Chairman of the Council for Indigenous Peoples (CIP), Icyang Parod (夷將·拔路兒), said this is the first time a team from New Zealand has sent a delegation to participate, and that a type of Maori music and dance performance called Kapa haka will be featured. The sporting event aims to deepen exchanges between Austronesian peoples of Taiwan and the wider Pacific region, the CIP said on Thursday (March 23).
The Maori team has 37 members, and has been in Taiwan since March 12, participating in CIP funded training in the basics of Taiwanese Indigenous hunting, woodcutting, and other techniques so that they can participate in the games. Icyang said that despite the Maori team’s short training time, they would prove to be formidable competition.

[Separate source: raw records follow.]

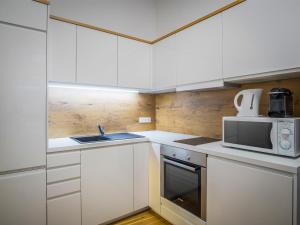 a white kitchen with a sink and a microwave at SKY9 Apartments City Center in Vienna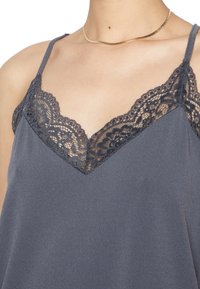 Camisole grise avec des accents en dentelle le long de l'encolure en V et des bretelles spaghetti, fabriquée à partir d'un tissu lisse avec un léger brillant.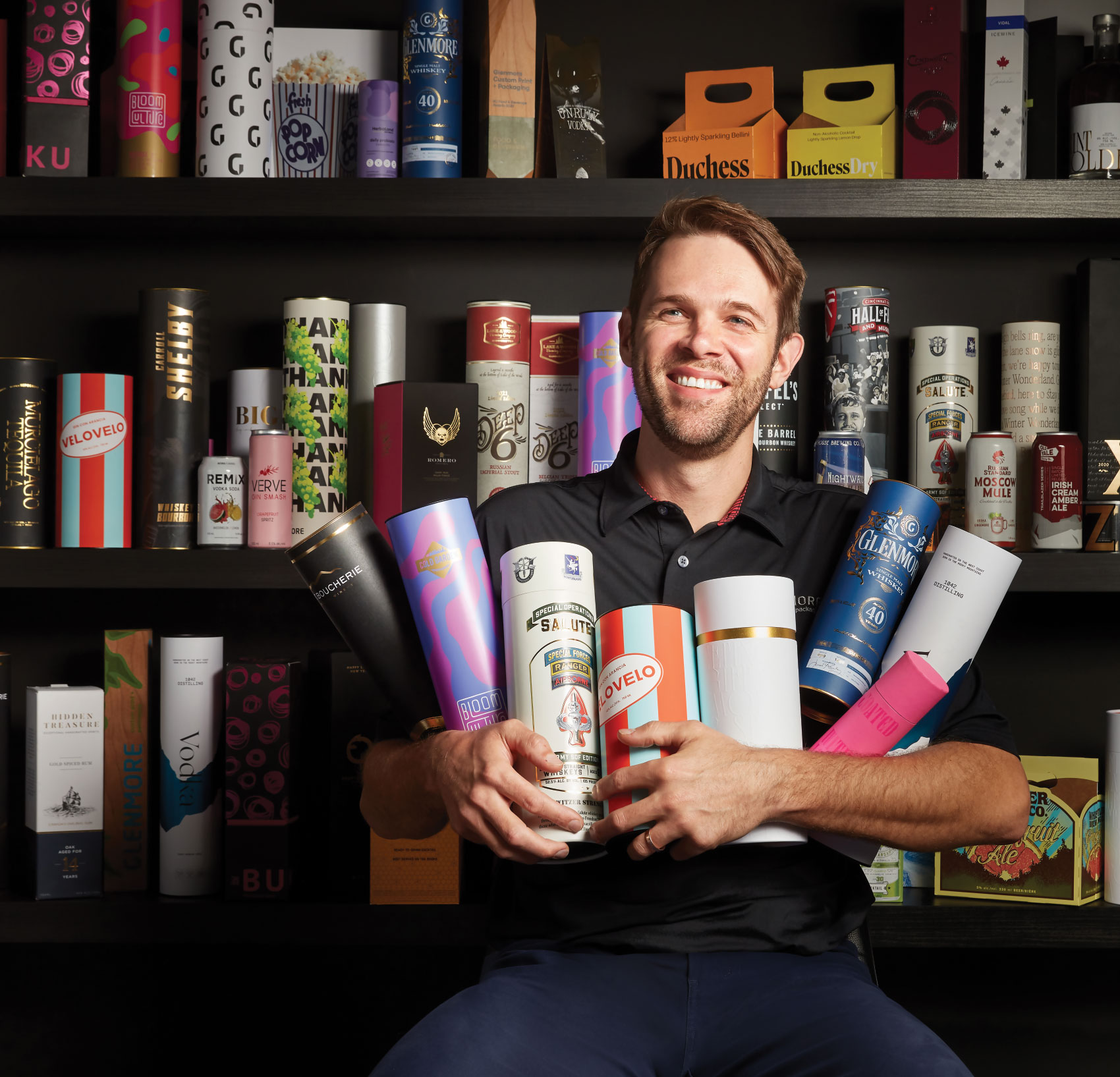 James Rowley with armful of various beverage packaging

“They only trained for one day in the woodcutting event, and they completed it in just over 19 minutes,” which is about 30 minutes faster than previous years’ teams, he said. “This year’s field competition between the teams ought to be exciting.”
Taiwan’s Austronesian links have been promoted by the central government in recent years, as the country seeks to deepen connections in the Pacific region under the New Southbound Policy. Taiwan’s Austronesian connection with Melanesian, Micronesian, and Polynesian peoples was first popularized in the 1980s, when scholars presented a theory suggesting an initial wave of migration of people to Southeast Asia and the Pacific originated from Taiwan in around 1000 BCE.
"Kia ora" is a Maori greeting that has also become a common part of New Zealand English. "Whanau" is the Maori word for "family."